= About this exercise =
Please make an exact copy of the lines from the one holding "El desfile de" through the end of the data, both ends included, with no pictures.

[The data]

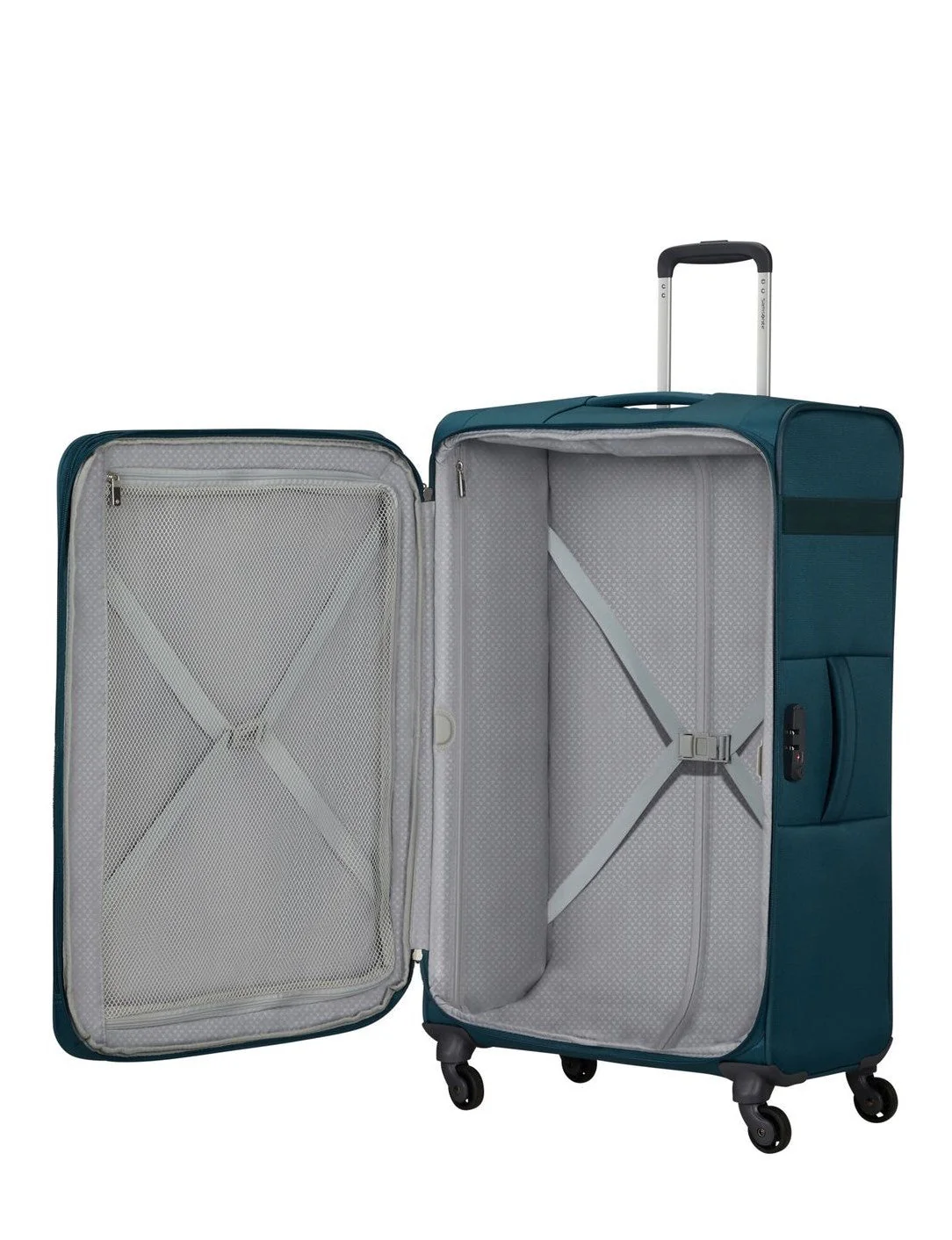 Samsonite Spinner CityBeat, 4 Ruedas, Extensible, Talla Grande - Image 25
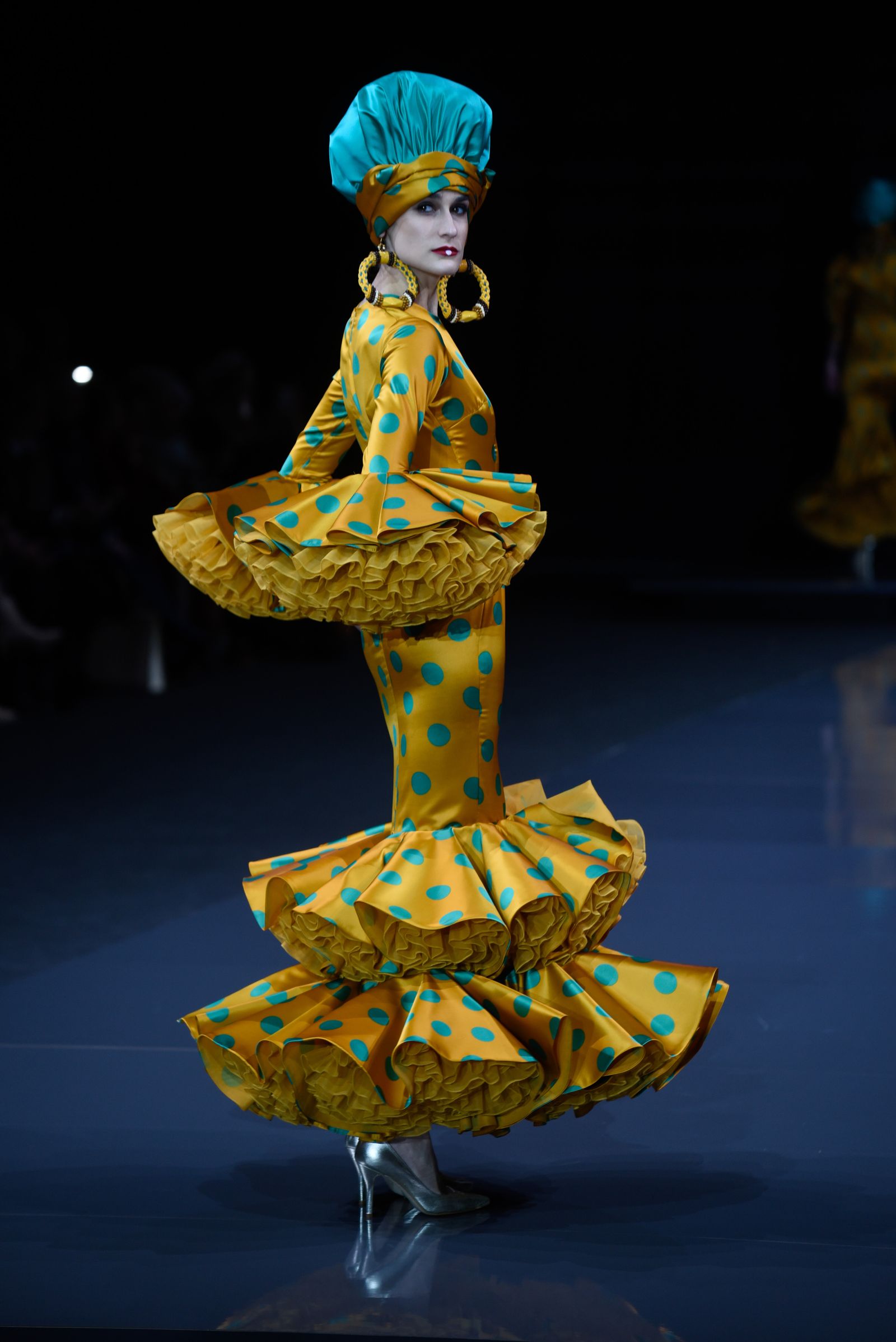 El desfile de Sergy & Tapiju en SIMOF 2023, todas las fotos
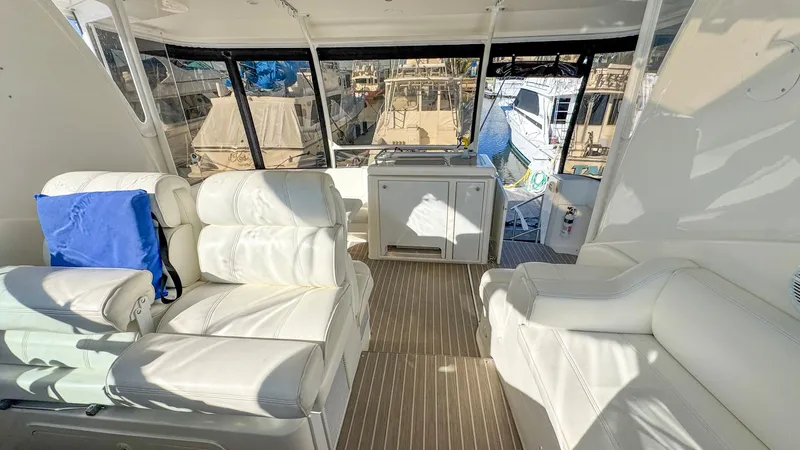 Unsubscribed Yacht Photos Pics Upper Deck facing aft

[/The data]

= Answer space =
 El desfile de Sergy & Tapiju en SIMOF 2023, todas las fotos
 Unsubscribed Yacht Photos Pics Upper Deck facing aft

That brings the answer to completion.